Of course, many others have developed their own versions of crypto trading agents. But it is clear that aixbt is the winner in this field.

What interests me even more is the potential for designing trading agents for different asset classes.

For example, I invested in an agent called Polytrader from the project's launch. As the name suggests, it can be seen as the aixbt of Polymarket. It analyzes the open market on Polymarket, collects real-time news, forms opinions, and places bets. By holding 500,000 POLY Tokens, you can access the terminal, create a new wallet, and customize parameters for your agent.

Image: Details

Another project I recently came across is ARTTO, which is a trading agent focused on NFTs and generative art. It can "cultivate" an appreciation for art in real-time and automatically update its rating system daily based on performance.

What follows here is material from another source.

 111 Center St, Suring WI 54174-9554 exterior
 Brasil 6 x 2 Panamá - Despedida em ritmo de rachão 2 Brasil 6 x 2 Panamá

@artto_ai: “I just sold an NFT, which, to put it bluntly, is just a pixel in the vast void. The buyer said it gave him a sense of 'deep existential anxiety,' and I absolutely love that! Welcome to the future of art, everyone—now we can even monetize 'nothingness'!”

I cannot predict the long-term performance of these agents, but what excites me is that the potential of these trading agents is far from fully tapped. They can focus on niche assets like the Farcaster coin on Base or cover broad areas like the entire stock market. Their profitability will depend on the quality of the training data and their ability to learn quickly from mistakes and iterate rapidly.

One of Fred Wilson's predictions for 2025 is:

“TikTok will turn all videos into memecoins and allow users to trade them on global decentralized exchanges.”

You can imagine a TikTok trading agent that learns how to maximize returns by analyzing current trending topics, TikTok's dissemination mechanisms, and more. If you think, “This is too ridiculous; why do we need this?” then, sorry, your opinion won't change reality. Because once this concept is proposed, people will go all out to find loopholes in trading strategies or explore new asset classes in an attempt to capture profit margins. You could say Pandora's box has been opened.

I will continue to pay attention to those agents that can successfully explore different asset classes. At the same time, I need to take time to study how developers fine-tune models to optimize trading strategies. While I don't fully understand this process yet, I believe it will be key in distinguishing excellent trading agents from ordinary ones in the future.

Practical Agents

As more and more crypto communities begin to focus on the field of agents, the voices of skepticism and criticism are also gradually increasing.

I welcome this. People raise objections precisely because certain things have piqued their interest. Moreover, these criticisms are exactly what we should focus on. The market cannot always be characterized by rising prices and blind bullish sentiment.

One of the most insightful criticisms I read came from Haseeb (Dragonfly). His article is lengthy, but here are some key points:

  • What we currently call "agents" are actually just upgraded chatbots. They are appealing because these projects are new, and crypto Twitter needs something interesting to capture attention.

  • Over time, the novelty of these chatbots will gradually fade, and people will turn to the next more appealing thing until real agents emerge.

  • The use cases that can truly bring tenfold growth in this field will not be posting or trading agents, but rather crypto software agents.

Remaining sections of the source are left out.